__ASSIGNMENT__
Please retype the entries below exactly, only from their first line through the line containing "Purple flower arc ceramic pot cover", leaving every picture out.

__RECORD EXTRACTS__
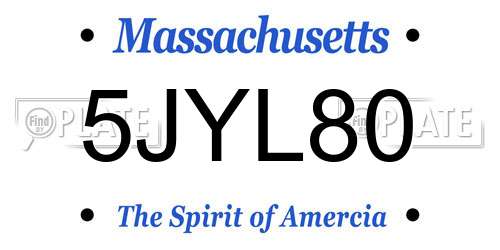 5JYL80 Massachusetts License Plate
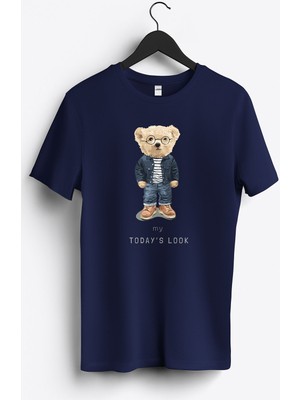 MGAX Sevimli Ayı My Today's Look Baskılı Regular Sıfır Yaka %100 Pamuk Unisex Penye T-Shirt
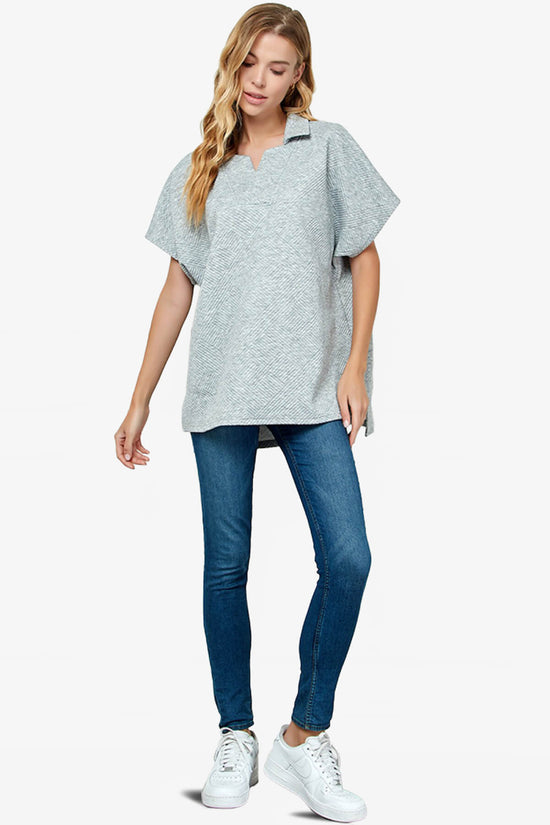 Lassy Short Sleeve Textured Polo Sweatshirt GREY_5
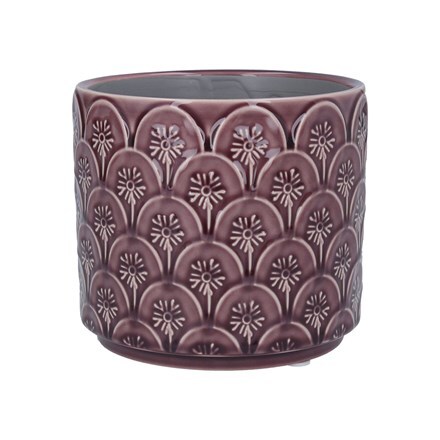 Purple flower arc ceramic pot cover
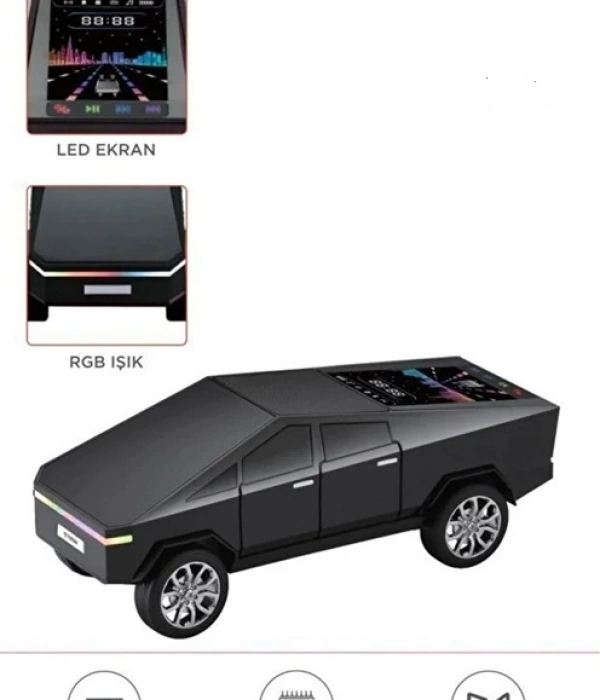 D68 Cyber Model Araba Tasarımlı Bluetooth Hoparlör 15w Güçlü Ses Rgb Led /tws/usb Siyah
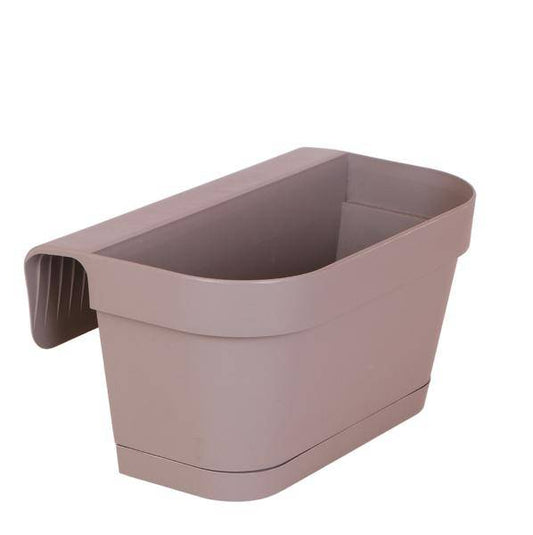 Balcony Planter – Taupe – 36cm Wide – With Hanging System & Water Reservoir – Stylish Railing Planter for Balconies & Fences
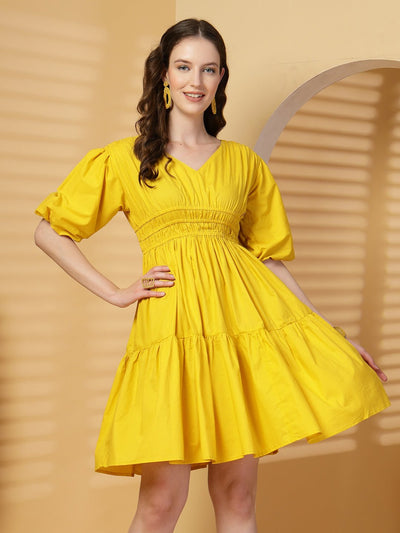 yellow knee length dress Knee Length Dress – Yellow Solid Cotton for Casual Chic Look in Summer – Clora Creation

__TASK OUTPUT__
 5JYL80 Massachusetts License Plate
 MGAX Sevimli Ayı My Today's Look Baskılı Regular Sıfır Yaka %100 Pamuk Unisex Penye T-Shirt
 Lassy Short Sleeve Textured Polo Sweatshirt GREY_5
 Purple flower arc ceramic pot cover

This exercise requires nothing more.